Monday, 11 October 2010

Browser game development.

For the past....oooh, three quarters of a year? I and a couple of friends have been working on a little project in our spare time. I've played a few browser based MMPORPG in the past, and I've often criticised them. In some cases - such as the now-defunct Nexus War - because I've just enjoyed the game so much that the bits that I'd do differently become huge in my mind. In others, like Shintolin it's more that I'm frustrated that the developer seems to have lost interest before an interesting concept has really reached fruition. There's also an element of arrogance, I suspect, in that I know best and all these people are doing it wrong (that's almost - but not quite - entirely a joke). Of course, it's easy to be a backseat coder so earlier this year I, with a couple of like-minded, foolhardy friends, decided to put my build chain where my mouth is and write a browser game. I liked the idea of a stone-age sandbox-y game so, with apologies to Shintolin, began work on a project currently bearing the working title "Henge".

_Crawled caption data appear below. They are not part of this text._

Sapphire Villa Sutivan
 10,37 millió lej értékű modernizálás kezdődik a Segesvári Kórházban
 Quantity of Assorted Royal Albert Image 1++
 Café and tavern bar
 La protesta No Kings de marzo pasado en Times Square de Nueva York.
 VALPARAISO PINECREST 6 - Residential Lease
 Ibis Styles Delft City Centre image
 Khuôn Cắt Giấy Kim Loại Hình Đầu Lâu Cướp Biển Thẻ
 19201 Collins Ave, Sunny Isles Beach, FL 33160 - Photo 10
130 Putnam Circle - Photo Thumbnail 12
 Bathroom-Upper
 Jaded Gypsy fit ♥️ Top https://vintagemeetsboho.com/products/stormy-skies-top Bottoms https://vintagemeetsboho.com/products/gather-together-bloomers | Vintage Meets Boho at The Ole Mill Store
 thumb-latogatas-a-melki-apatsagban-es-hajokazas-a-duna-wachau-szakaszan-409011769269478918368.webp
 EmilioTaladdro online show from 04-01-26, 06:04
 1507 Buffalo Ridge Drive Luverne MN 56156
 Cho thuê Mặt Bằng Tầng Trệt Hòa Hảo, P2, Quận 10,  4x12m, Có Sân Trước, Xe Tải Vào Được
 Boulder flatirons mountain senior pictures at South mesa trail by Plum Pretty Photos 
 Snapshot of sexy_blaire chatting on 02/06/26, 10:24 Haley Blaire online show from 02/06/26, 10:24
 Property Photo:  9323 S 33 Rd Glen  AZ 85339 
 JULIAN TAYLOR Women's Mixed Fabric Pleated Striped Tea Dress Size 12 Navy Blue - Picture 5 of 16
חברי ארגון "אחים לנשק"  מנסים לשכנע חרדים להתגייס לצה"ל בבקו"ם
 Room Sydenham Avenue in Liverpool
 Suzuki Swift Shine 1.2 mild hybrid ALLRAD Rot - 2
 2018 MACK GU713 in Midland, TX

There're quite a few things that I've learned along the way - work on the game has seen my try out (and hate) Seam, has seen me tinker with and discard Eclipse, Netbeans and ultimately Java itself. Which is noteworthy mainly because part of the motivation behind this project was to learn Java. Ho hum. On the other hand, my game has definitely been raised in the C# stakes - I've moved from rather disliking the language to an appreciation that it is, in fact, fricking cool. I've learned a lot about NHibernate, which was really handy for work. Sadly, despite it proving extremely useful for non-Henge purposes it became apparent (at least to two thirds of the team) that even with NHibernate, a SQL database was forcing too many compromises on us, so we ditched it almost entirely in favour of db4o. My word, there was a decision that led to a ludicrous amount of work. On top of that, Henge has allowed me to get to know and to love git. I've moved from cvs to subversion to git over the years and each step has been a massive leap forward. As much as I've championed subversion in the past I have to say - these days, if you're not using git you're almost certainly doing versioning wrong.

And after all that - and a lot more - we still don't have a playable game. As it stands at the moment, you can create a character, walk around a map, starve to death and drown. But it's getting there. There's an awful lot of architecture in place now. Hopefully one day you'll be able to play it and see what all this effort has been for. But one of the big things this has shown me? All those one-man bands who managed to design and build their own browser game, from the sophistication of Nexus War to the simplicity of Urban Dead and even the semi-complete mess (sorry, really I am, but look at the code. It needs a rewrite!) of Shintolin... they all all managed to do an amazing thing. Getting one of these things up and running is bloody hard work. Or, at least, that has been my experience of it so far.

Hopefully I'll find the time and motivation to write a little more about the design of henge before I forget too much about it; it's already started to happen - there are things that I've had to spend a long time figuring out twice because I forgot why we did them the way we did them in the first place. If not, I hope at least to get enough working to let some people poke it with sticks until it falls over.